### Excerpts from a dataset
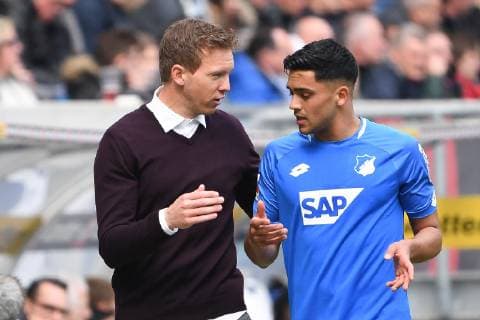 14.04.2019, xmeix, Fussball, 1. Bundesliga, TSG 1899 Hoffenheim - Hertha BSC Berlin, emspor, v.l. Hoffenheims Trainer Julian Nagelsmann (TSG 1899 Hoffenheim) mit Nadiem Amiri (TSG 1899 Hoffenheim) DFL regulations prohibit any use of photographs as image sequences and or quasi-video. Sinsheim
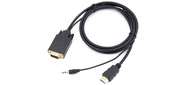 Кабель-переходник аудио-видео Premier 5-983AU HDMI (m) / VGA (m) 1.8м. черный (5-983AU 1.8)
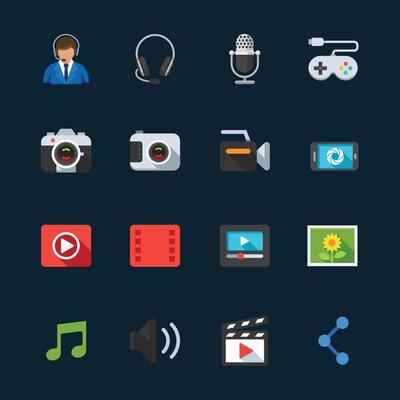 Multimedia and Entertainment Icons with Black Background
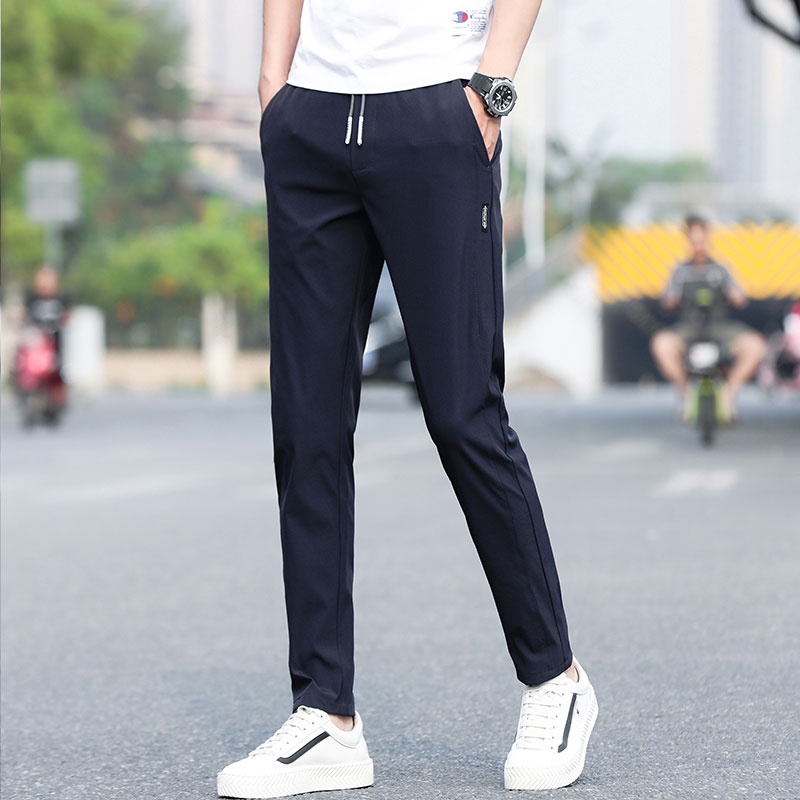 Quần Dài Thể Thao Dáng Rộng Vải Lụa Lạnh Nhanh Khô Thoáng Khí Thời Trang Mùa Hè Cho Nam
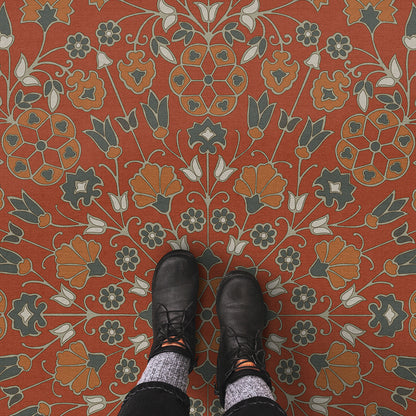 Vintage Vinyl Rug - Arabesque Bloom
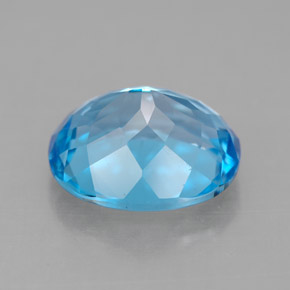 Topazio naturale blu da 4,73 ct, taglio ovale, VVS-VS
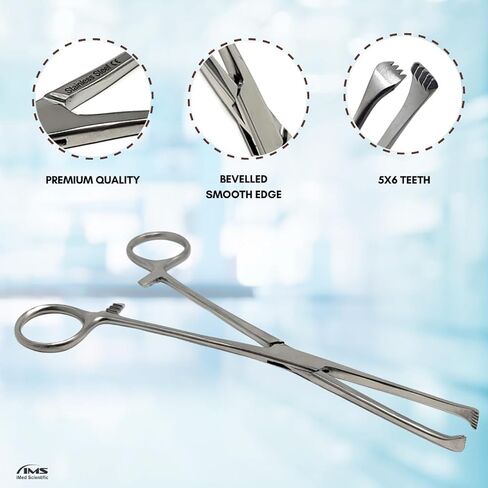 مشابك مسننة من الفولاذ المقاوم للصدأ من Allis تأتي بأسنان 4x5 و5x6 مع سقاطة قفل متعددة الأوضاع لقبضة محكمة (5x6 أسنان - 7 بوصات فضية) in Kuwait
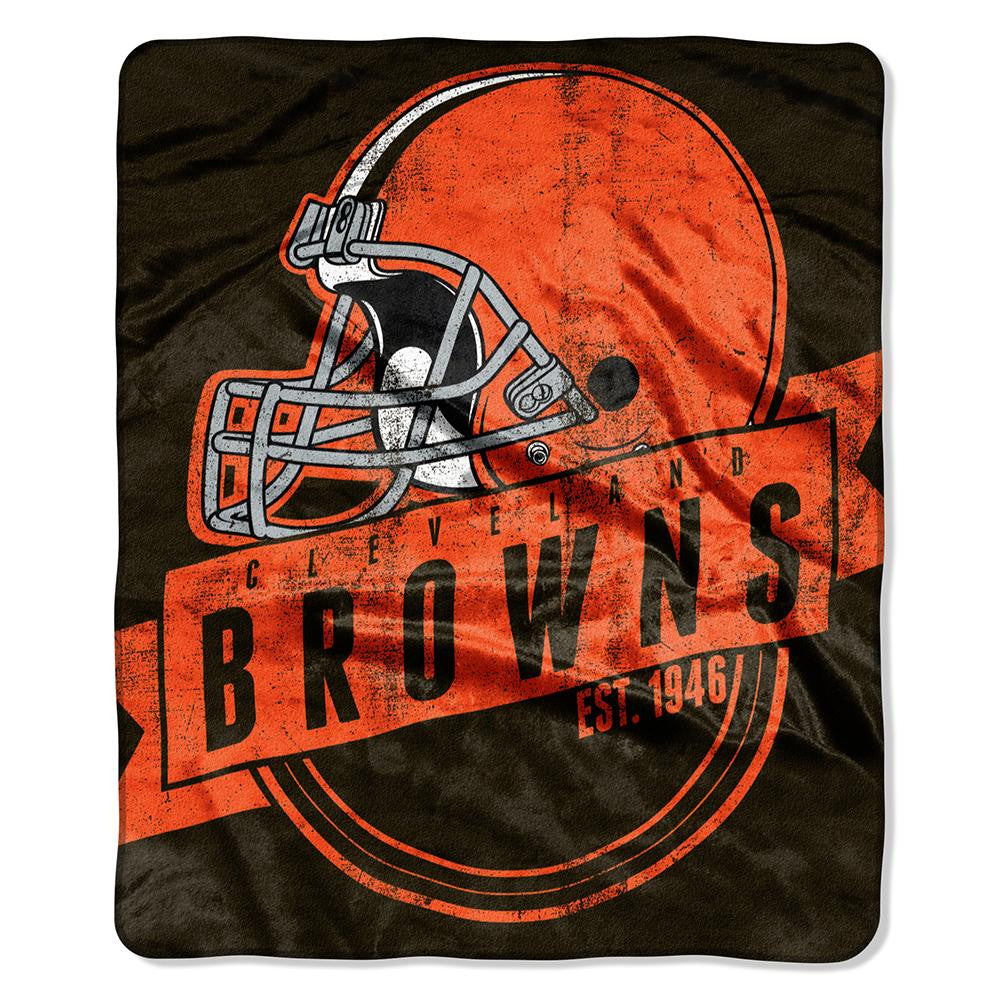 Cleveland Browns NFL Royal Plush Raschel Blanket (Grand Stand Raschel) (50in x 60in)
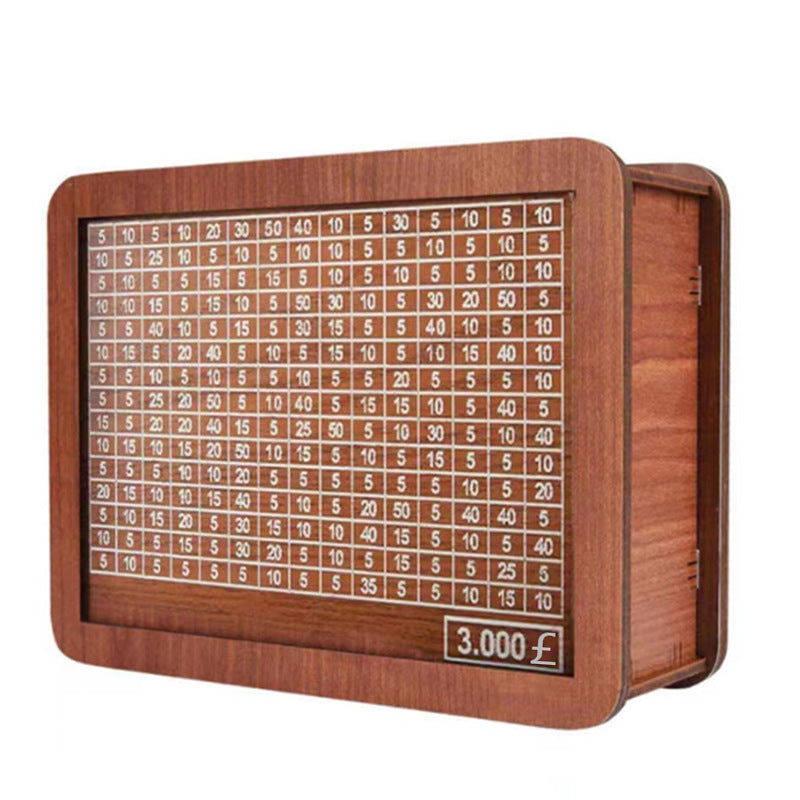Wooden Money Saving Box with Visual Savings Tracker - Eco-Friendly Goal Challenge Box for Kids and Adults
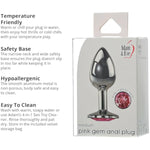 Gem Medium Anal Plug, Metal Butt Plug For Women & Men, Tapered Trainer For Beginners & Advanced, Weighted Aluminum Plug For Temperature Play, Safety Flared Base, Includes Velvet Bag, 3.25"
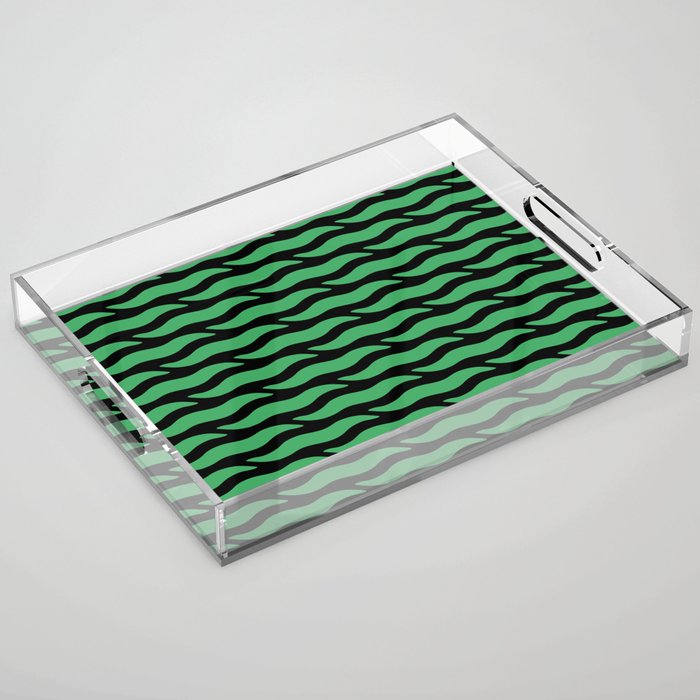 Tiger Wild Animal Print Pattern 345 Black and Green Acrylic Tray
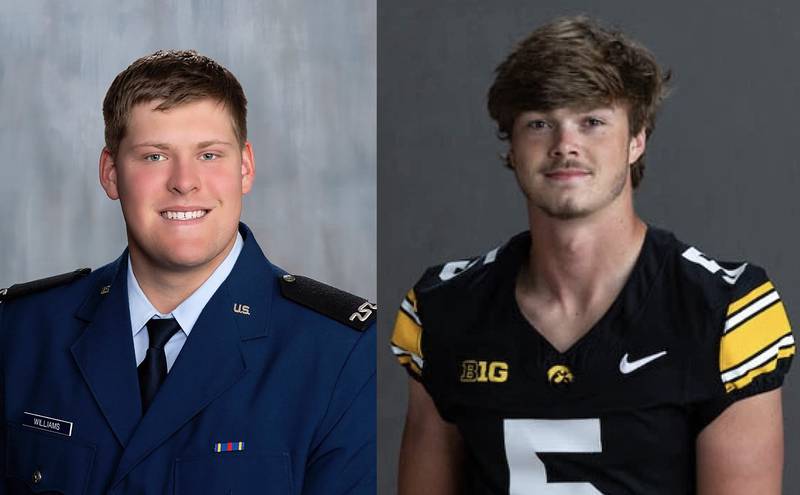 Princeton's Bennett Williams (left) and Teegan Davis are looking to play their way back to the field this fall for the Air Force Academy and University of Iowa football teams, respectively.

### Task instructions
Each entry must be reproduced word for word, and any image among them left out.

### Task answer
 14.04.2019, xmeix, Fussball, 1. Bundesliga, TSG 1899 Hoffenheim - Hertha BSC Berlin, emspor, v.l. Hoffenheims Trainer Julian Nagelsmann (TSG 1899 Hoffenheim) mit Nadiem Amiri (TSG 1899 Hoffenheim) DFL regulations prohibit any use of photographs as image sequences and or quasi-video. Sinsheim
 Кабель-переходник аудио-видео Premier 5-983AU HDMI (m) / VGA (m) 1.8м. черный (5-983AU 1.8)
 Multimedia and Entertainment Icons with Black Background
 Quần Dài Thể Thao Dáng Rộng Vải Lụa Lạnh Nhanh Khô Thoáng Khí Thời Trang Mùa Hè Cho Nam
 Vintage Vinyl Rug - Arabesque Bloom
 Topazio naturale blu da 4,73 ct, taglio ovale, VVS-VS
 مشابك مسننة من الفولاذ المقاوم للصدأ من Allis تأتي بأسنان 4x5 و5x6 مع سقاطة قفل متعددة الأوضاع لقبضة محكمة (5x6 أسنان - 7 بوصات فضية) in Kuwait
 Cleveland Browns NFL Royal Plush Raschel Blanket (Grand Stand Raschel) (50in x 60in)
Wooden Money Saving Box with Visual Savings Tracker - Eco-Friendly Goal Challenge Box for Kids and Adults
 Gem Medium Anal Plug, Metal Butt Plug For Women & Men, Tapered Trainer For Beginners & Advanced, Weighted Aluminum Plug For Temperature Play, Safety Flared Base, Includes Velvet Bag, 3.25"
 Tiger Wild Animal Print Pattern 345 Black and Green Acrylic Tray
 Princeton's Bennett Williams (left) and Teegan Davis are looking to play their way back to the field this fall for the Air Force Academy and University of Iowa football teams, respectively.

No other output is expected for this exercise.